Israel has indicated that if the US wants it to stop making such preparations, the US needs to increase pressure on Iran further. "We made it clear that if we don't increase the pressure on the Iranians now, we might be in a situation in which the question how Iran obtained nuclear weapons would become an issue for commentators and historians," an Israeli official told Haaretz, implying that without more pressure, Iran will achieve weapons capability. 

Yesterday, The New York Times published a story laying out the steps necessary for a successful Israeli attack that made it clear current and former US military officials and exports thought it would be an extremely difficult task, although there were admissions that the US might not have full insight into Israel’s capabilities.

Should Israel decide to launch a strike on Iran, its pilots would have to fly more than 1,000 miles across unfriendly airspace, refuel in the air en route, fight off Iran’s air defenses, attack multiple underground sites simultaneously – and use at least 100 planes.

That is the assessment of American defense officials and military analysts close to the Pentagon, who say that an Israeli attack meant to set back Iran’s nuclear program would be a huge and highly complex operation.

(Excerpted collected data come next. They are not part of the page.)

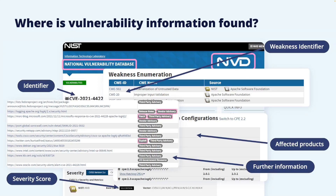Though the CVE list and NVD collect much information, they might not be the place that made the initial disclosure of the vulnerability. They also do not collect all vulnerabilities, only the ones that have a CVE identifier. So there are reasons for also looking at other sources of vulnerability information, both to get a complete picture, but also to receive information on new vulnerabilities as soon as possible.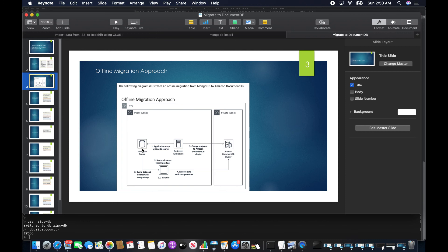As a summary: we installed MongoDB 3.6 source on the EC2 machine, loaded sample data, created an index and a user, then installed the DocumentDB restore tool including pip and other prerequisites, installed the SSL CA certificates for the target DocumentDB cluster, verified connectivity from EC2 to DocumentDB, took a MongoDump, restored the indexes using the DocumentDB restore script, and finally restored the data using MongoRestore.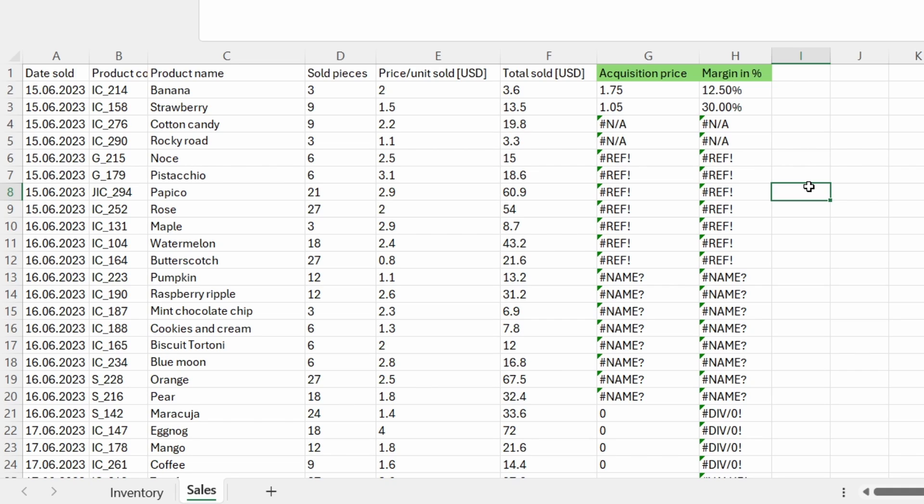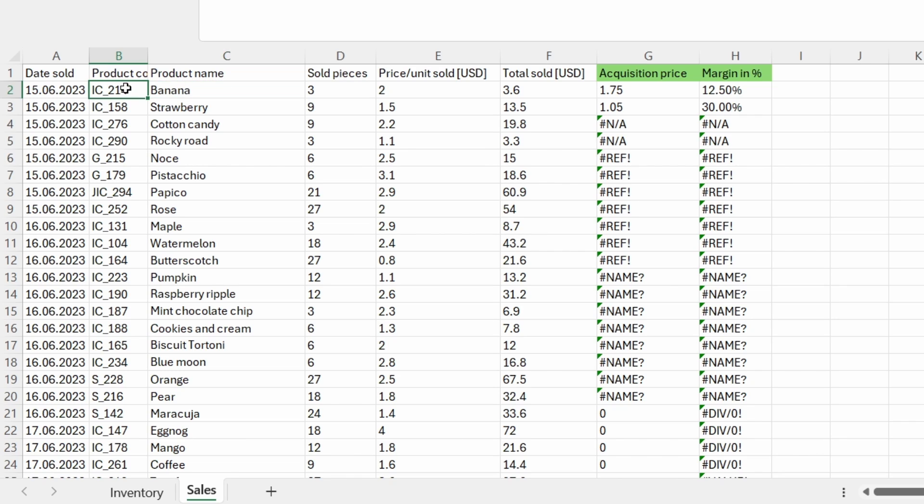Let me show you a couple of scenarios for this error. The first scenario is placed within the product name column. For the first row, which is the banana ice cream,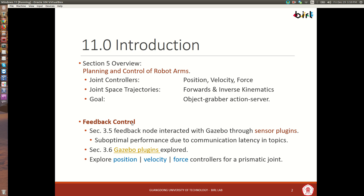We have seen some feedback control before, particularly in section 3.5. If you go back into your notes you'll see that we had a node that interacted with Gazebo, and first we did all the interaction between the two through topics, and later on we began to introduce Gazebo plugins. When we used nodes we mentioned that there was suboptimal performance due to communication latency and also from the serialization of messages. We explored some of the Gazebo plugins.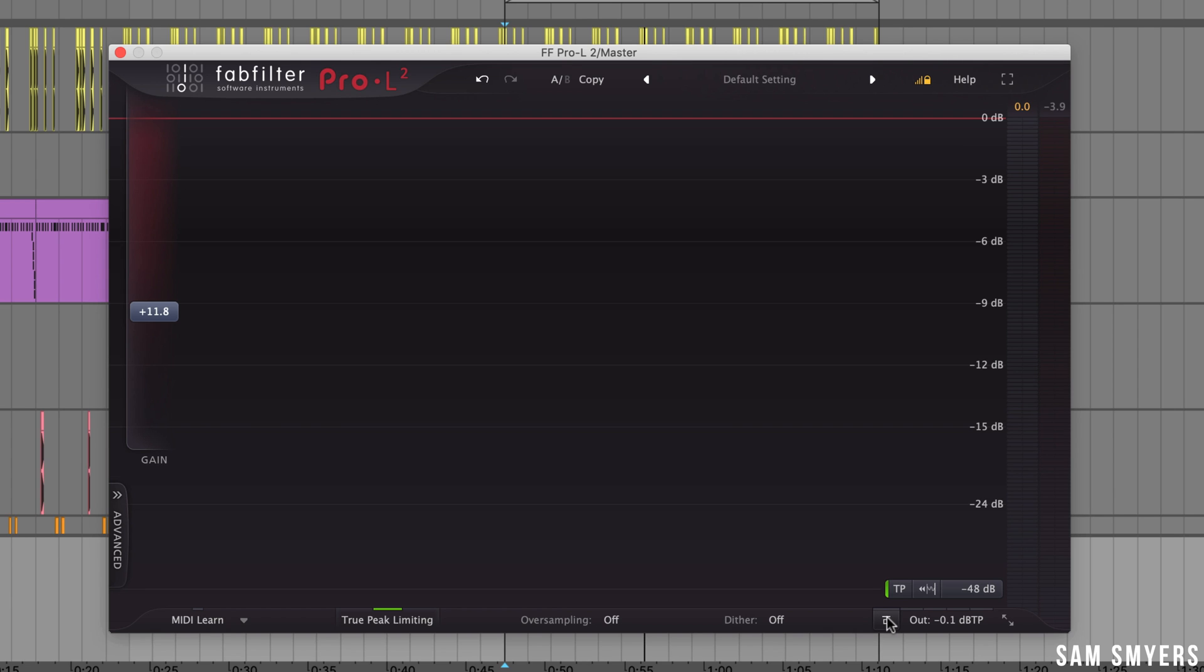This usually isn't an issue though because if you activate this true peak limiting this means that the true peak output is not going to exceed the output level. If you don't have this selected there's a chance that some peaks in your audio will make it past the limiter and go above the output level potentially causing distortion if it goes above 0db. So I always recommend using the true peak limiting on your master because of this.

“All the pundits who talk about ‘Oh, yeah, bomb Iran,’ it ain’t going to be that easy,” said Lt. Gen. David A. Deptula, who retired last year as the Air Force’s top intelligence official and who planned the American air campaigns in 2001 in Afghanistan and in the 1991 Gulf War.

As one of many steps to increase pressure on Iran, the European Union agreed in January to impose an embargo on imports of Iranian oil, scheduled to go into effect this summer. In retaliation, Iran announced a ban on oil exports to Britain and France this week and said it might extend the ban to other countries unless they agree to “guarantees of payments, long-term contracts, and a ban on unilateral cancellation of contracts by buyers,” the Associated Press reports.

Iranian oil exports are much more critical to countries such as Spain and Italy, which get one-eighth of their oil from Iran, and Greece, which gets one-third of its oil from Iran, than they are to Britain or France, The New York Times notes.